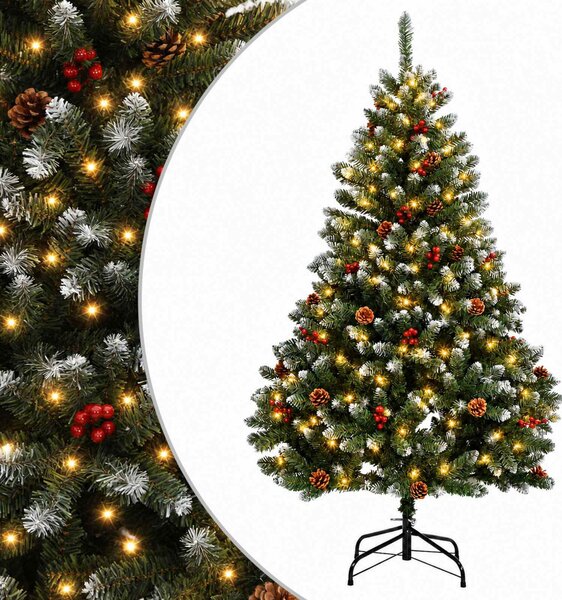 Műanyag Hajtogatós Karácsonyfa 120 cm 150 LED Meleg fehér acél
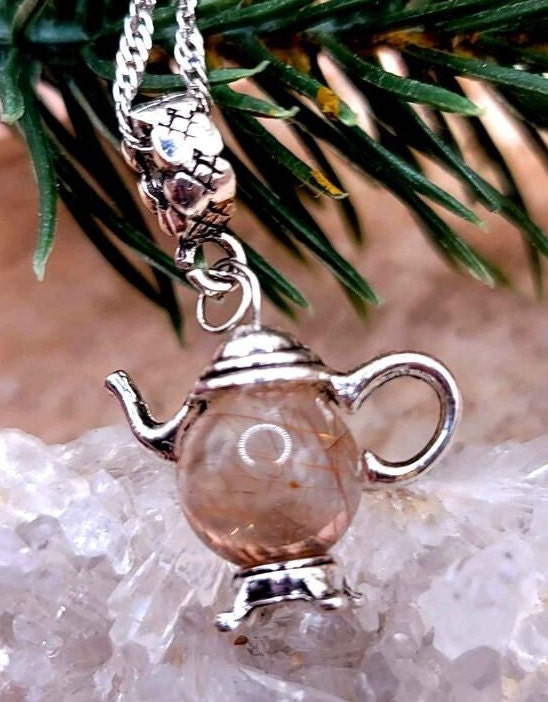 Unique Nature Gold Rutilated Sphere Magic Genie Lamps Pendant Necklace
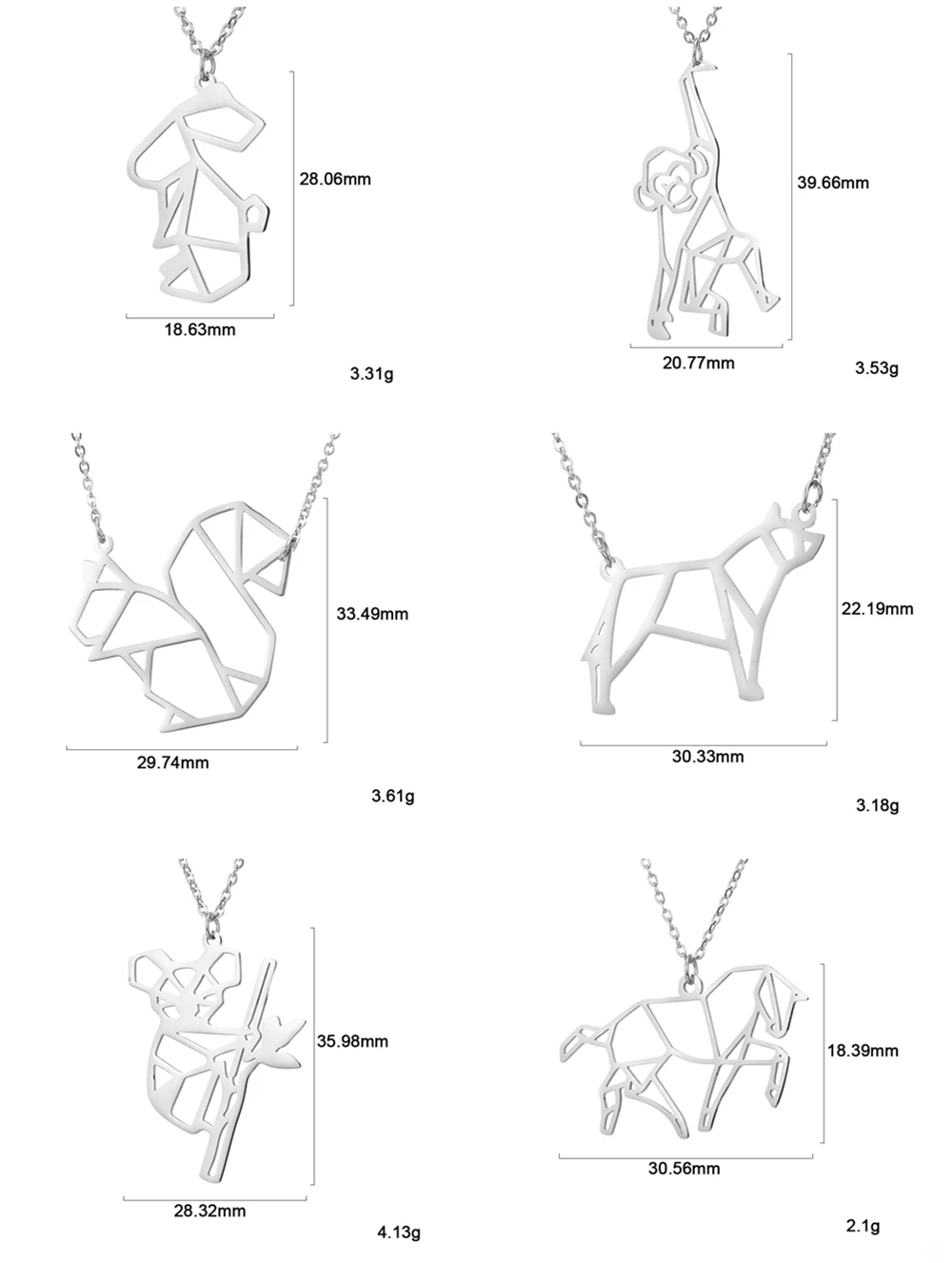Teamer, 26 стилей, олень, лиса, коала, медведь, собака, кошка, кролик, обезьяна, мультяшное животное, кулон, ожерелье, тонкая цепочка из нержавеющей стали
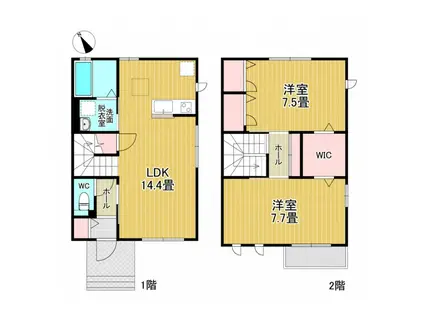 ヴェルデ(2LDK/2階)の間取り写真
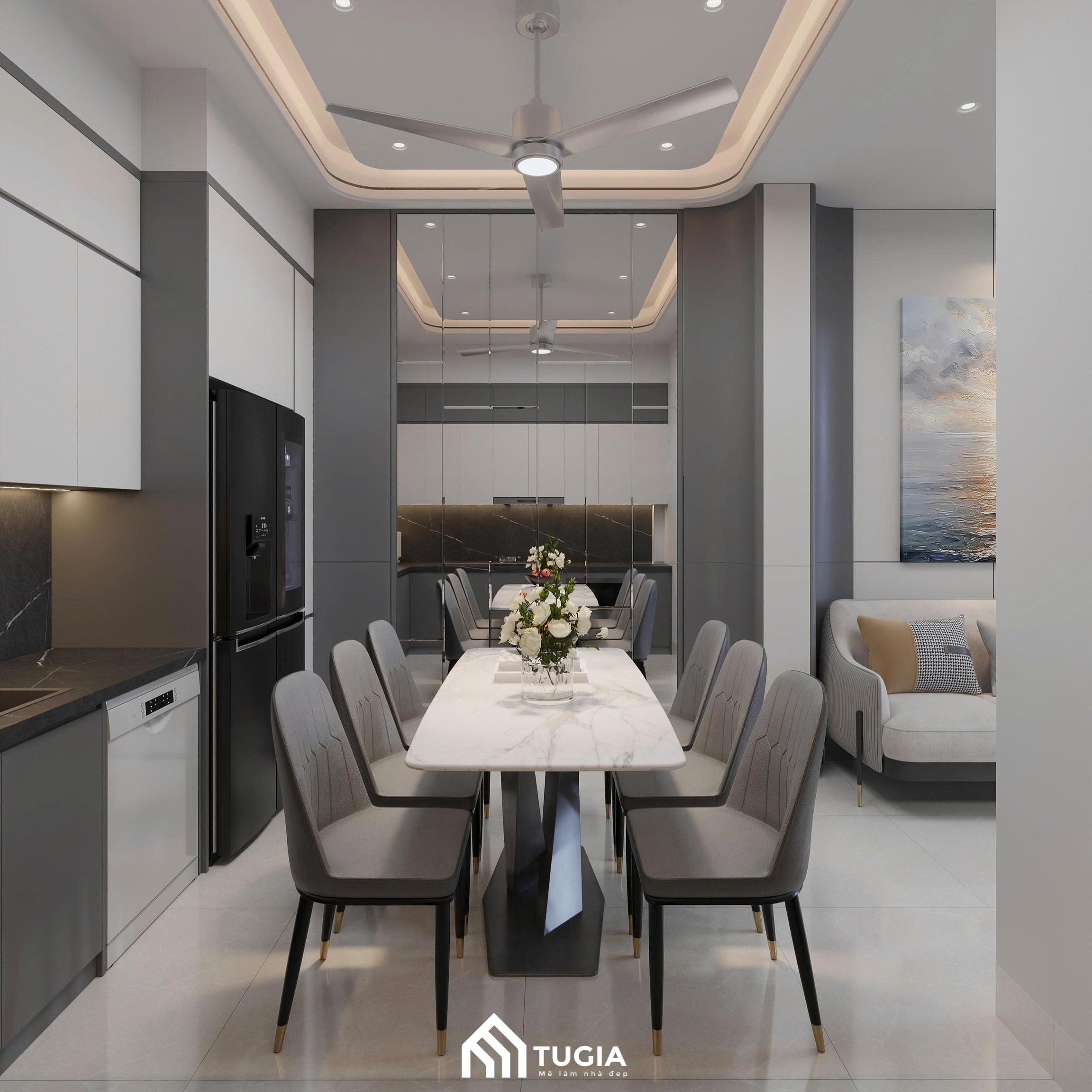 Vách tường trang trí gương phản chiếu giúp tạo chiều sâu và cảm giác rộng rãi cho không gian bếp - ăn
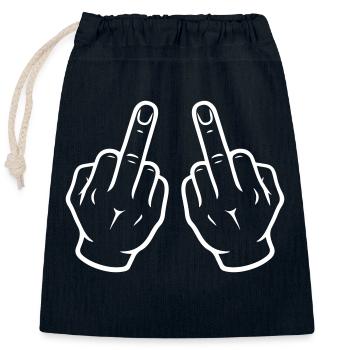Middle Finger Hand - Closable cotton gift bag (25x30cm) - navy - Front
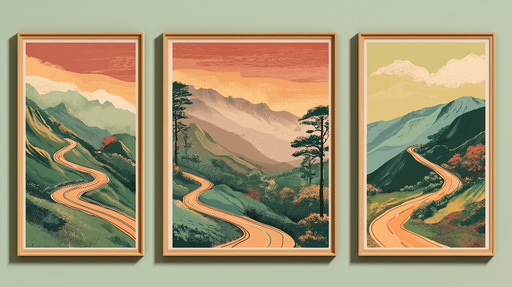 Papier peint paysage montagneux Route sinueuse au coucher de soleil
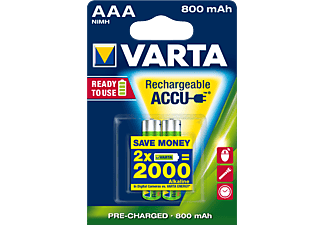 VARTA VARTA Ready To Use - Batteria ricaricabile - AAA / 800 mAh - 2 pezzi - Batteria ricaricabile (Verde/Argento)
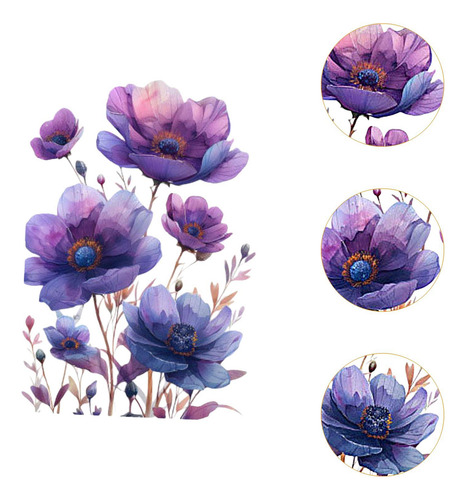 De Pared Con Flores Moradas, Para Ventana De Cristal, Para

▶ _What you should do_:
Since the pictures are not wanted, transcribe the rest of the listing above exactly.

▶ _Solution_:
 Műanyag Hajtogatós Karácsonyfa 120 cm 150 LED Meleg fehér acél
 Unique Nature Gold Rutilated Sphere Magic Genie Lamps Pendant Necklace
Teamer, 26 стилей, олень, лиса, коала, медведь, собака, кошка, кролик, обезьяна, мультяшное животное, кулон, ожерелье, тонкая цепочка из нержавеющей стали
 ヴェルデ(2LDK/2階)の間取り写真
 Vách tường trang trí gương phản chiếu giúp tạo chiều sâu và cảm giác rộng rãi cho không gian bếp - ăn
Middle Finger Hand - Closable cotton gift bag (25x30cm) - navy - Front
 Papier peint paysage montagneux Route sinueuse au coucher de soleil
 VARTA VARTA Ready To Use - Batteria ricaricabile - AAA / 800 mAh - 2 pezzi - Batteria ricaricabile (Verde/Argento)
 De Pared Con Flores Moradas, Para Ventana De Cristal, Para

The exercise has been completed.